*** PROVIDED INFORMATION ***
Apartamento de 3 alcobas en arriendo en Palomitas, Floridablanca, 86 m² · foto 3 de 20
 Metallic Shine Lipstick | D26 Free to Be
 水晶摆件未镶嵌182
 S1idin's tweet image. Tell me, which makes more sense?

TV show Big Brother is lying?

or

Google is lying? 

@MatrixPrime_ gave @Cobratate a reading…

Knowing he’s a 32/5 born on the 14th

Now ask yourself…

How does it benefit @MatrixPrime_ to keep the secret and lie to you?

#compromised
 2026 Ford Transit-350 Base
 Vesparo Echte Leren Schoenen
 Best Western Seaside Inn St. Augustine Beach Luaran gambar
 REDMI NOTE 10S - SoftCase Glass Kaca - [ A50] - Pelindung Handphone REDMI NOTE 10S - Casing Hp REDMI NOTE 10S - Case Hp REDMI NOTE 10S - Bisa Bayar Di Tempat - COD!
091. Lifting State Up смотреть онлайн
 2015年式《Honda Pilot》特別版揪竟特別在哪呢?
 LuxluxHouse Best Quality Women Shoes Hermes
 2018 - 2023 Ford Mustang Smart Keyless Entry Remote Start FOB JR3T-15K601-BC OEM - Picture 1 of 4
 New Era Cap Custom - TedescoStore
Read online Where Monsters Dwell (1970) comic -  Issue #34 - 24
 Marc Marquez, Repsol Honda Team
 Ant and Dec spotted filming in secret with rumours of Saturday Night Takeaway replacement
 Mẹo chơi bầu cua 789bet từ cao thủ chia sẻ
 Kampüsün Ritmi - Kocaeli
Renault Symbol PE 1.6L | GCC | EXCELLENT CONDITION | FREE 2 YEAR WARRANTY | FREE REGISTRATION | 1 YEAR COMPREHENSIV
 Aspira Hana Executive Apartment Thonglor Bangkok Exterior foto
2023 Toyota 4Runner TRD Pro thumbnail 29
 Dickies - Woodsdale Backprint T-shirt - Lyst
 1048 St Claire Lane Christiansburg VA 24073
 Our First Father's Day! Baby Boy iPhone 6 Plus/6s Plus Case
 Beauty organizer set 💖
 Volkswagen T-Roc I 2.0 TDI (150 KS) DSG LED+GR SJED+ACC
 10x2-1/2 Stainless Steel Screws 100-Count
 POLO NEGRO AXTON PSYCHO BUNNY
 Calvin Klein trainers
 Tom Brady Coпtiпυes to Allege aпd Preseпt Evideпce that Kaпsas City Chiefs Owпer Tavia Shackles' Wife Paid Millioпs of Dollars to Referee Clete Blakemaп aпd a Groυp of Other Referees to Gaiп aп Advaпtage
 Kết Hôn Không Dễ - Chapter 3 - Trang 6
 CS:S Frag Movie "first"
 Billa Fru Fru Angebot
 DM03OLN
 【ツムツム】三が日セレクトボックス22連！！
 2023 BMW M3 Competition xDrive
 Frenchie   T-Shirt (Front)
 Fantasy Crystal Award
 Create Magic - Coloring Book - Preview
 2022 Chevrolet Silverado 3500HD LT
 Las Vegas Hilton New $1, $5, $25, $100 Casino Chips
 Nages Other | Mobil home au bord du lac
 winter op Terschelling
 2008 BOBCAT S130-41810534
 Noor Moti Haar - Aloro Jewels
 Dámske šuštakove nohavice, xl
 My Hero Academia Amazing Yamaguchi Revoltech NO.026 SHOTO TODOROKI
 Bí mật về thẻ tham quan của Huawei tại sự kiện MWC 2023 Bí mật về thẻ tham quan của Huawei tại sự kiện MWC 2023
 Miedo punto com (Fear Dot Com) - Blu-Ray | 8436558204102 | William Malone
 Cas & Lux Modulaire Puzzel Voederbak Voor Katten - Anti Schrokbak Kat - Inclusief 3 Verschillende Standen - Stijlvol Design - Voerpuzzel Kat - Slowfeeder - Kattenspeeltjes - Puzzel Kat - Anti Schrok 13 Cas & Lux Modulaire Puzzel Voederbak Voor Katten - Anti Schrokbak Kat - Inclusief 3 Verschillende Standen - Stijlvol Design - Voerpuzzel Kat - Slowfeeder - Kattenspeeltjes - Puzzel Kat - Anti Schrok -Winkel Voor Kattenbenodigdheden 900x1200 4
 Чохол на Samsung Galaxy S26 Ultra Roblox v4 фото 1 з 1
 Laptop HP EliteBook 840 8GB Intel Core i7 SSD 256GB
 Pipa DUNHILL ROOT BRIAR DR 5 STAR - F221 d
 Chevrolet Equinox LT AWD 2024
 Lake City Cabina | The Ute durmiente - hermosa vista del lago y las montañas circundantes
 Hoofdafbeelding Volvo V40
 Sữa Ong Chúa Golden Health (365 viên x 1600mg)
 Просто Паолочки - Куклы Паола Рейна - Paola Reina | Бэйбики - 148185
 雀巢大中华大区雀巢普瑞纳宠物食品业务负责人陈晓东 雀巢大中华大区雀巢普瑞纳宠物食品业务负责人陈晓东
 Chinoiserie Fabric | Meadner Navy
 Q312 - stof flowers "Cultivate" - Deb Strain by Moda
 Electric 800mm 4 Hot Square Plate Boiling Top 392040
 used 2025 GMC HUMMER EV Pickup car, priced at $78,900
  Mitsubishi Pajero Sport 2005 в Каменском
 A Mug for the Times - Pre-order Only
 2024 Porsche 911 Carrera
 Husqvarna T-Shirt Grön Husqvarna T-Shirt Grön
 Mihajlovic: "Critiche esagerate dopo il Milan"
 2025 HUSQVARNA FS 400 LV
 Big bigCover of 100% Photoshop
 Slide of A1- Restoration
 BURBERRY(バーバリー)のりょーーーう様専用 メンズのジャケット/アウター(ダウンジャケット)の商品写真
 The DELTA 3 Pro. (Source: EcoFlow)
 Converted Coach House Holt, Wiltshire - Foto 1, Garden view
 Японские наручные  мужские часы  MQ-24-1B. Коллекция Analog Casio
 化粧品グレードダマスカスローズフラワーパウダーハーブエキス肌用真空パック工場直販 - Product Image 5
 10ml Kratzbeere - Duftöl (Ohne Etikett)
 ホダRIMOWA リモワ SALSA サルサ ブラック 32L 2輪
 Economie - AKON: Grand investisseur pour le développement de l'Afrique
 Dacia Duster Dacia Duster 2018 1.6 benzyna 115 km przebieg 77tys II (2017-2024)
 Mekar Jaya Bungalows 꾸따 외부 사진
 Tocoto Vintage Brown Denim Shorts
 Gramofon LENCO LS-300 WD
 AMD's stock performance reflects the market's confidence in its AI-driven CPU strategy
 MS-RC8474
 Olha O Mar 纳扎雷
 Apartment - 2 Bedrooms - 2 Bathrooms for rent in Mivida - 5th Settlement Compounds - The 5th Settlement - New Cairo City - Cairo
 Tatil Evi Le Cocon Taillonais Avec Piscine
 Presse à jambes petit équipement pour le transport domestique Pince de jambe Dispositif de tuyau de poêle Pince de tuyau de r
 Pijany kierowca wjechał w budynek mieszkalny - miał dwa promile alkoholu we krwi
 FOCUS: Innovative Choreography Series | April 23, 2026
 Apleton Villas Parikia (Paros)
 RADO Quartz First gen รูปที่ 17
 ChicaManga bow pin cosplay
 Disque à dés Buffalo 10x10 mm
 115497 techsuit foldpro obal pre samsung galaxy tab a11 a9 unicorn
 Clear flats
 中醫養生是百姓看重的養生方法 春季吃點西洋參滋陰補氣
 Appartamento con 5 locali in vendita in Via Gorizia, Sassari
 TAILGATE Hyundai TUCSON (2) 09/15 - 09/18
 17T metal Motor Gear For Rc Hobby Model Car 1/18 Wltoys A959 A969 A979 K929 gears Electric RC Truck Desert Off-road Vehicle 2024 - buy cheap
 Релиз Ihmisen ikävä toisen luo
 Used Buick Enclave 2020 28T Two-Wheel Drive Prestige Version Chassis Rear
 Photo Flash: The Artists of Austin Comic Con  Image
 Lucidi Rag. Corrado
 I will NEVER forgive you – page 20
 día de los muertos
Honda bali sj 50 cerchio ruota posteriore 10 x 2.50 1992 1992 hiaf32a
*** End of PROVIDED INFORMATION ***
WORK INSTRUCTION -
Take the line that contains "17T metal Motor" and each line after it down to the last of the records, and retype them exactly; add nothing else.

EXERCISE RESPONSE -
 17T metal Motor Gear For Rc Hobby Model Car 1/18 Wltoys A959 A969 A979 K929 gears Electric RC Truck Desert Off-road Vehicle 2024 - buy cheap
 Релиз Ihmisen ikävä toisen luo
 Used Buick Enclave 2020 28T Two-Wheel Drive Prestige Version Chassis Rear
 Photo Flash: The Artists of Austin Comic Con  Image
 Lucidi Rag. Corrado
 I will NEVER forgive you – page 20
 día de los muertos
Honda bali sj 50 cerchio ruota posteriore 10 x 2.50 1992 1992 hiaf32a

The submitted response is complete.